The album starts off with a side view picture of the cruiser HMAS Pioneer, then has a posed picture of the ship’s crew all wearing straw hats.

Further inside there are nine pictures labeled ‘‘the execution of spies’’ by a firing squad of native soldiers and scenes of the beach in Zanzebar (sic).

There’s also a picture of HMS Mersey and a mystery ship, S.S. Laroona. There’s also a distant picture of the wrecked sailing ship Seeadler and five pictures of the wreck of another German raider, the warship Emden, driven ashore by its crew on a reef in the Cocos Islands in the Indian Ocean after a sea battle with the first HMAS Sydney in 1914. 

“The mast of HMAS Sydney [decommissioned in 1928] is mounted at Bradley’s Head, near Taronga Park Zoo. A captured gun from the raider Emden is also mounted in Sydney’s Hyde Park at the corner of College and Liverpool streets,” he said.

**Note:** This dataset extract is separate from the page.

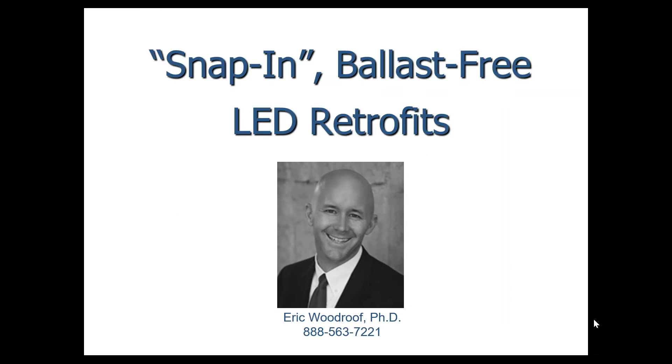Welcome everybody. This is Dr. Eric Woodruff. I'm very excited to talk about a new technology I think has profound implications for the energy industry, particularly in 2016. Basically the idea is snap-in ballast-free LED retrofits.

HMAS Pioneer was ordered home early, in August 1916, her seagoing career now over. It’s ironic then to realise the cruiser, although being “obsolete and decrepit”, saw more actual combat than any other Australian ship of the era, according to the Australian War Memorial

The vessel was used as for accommodation at Garden Island until 1922. Here, she also became the site of the RAN’s first dental surgery. 

Sold in 1925/26 and stripped to a bare hulk, she was scuttled off Sydney Heads in 1931.

In many ways though, HMAS Pioneer was a lucky ship. History records the successful German commerce raider Emden being sunk by superior fire power from HMAS Sydney in November 1914.

But the Sydney was a last minute replacement for the ageing HMAS Pioneer. She was due to take part in a convoy escorting Anzac troops to the Middle East.

Instead of steaming ahead to check-out the Cocos Islands en-route, the Pioneer was ordered back to port after a major breakdown with leaking condenser tubes, or ‘‘condenseritis’’ in naval jargon.

How different would it have been if HMAS Pioneer had gone to the Cocos Islands instead, only to detect and be destroyed by the more powerful Emden. It would have been a bloodbath.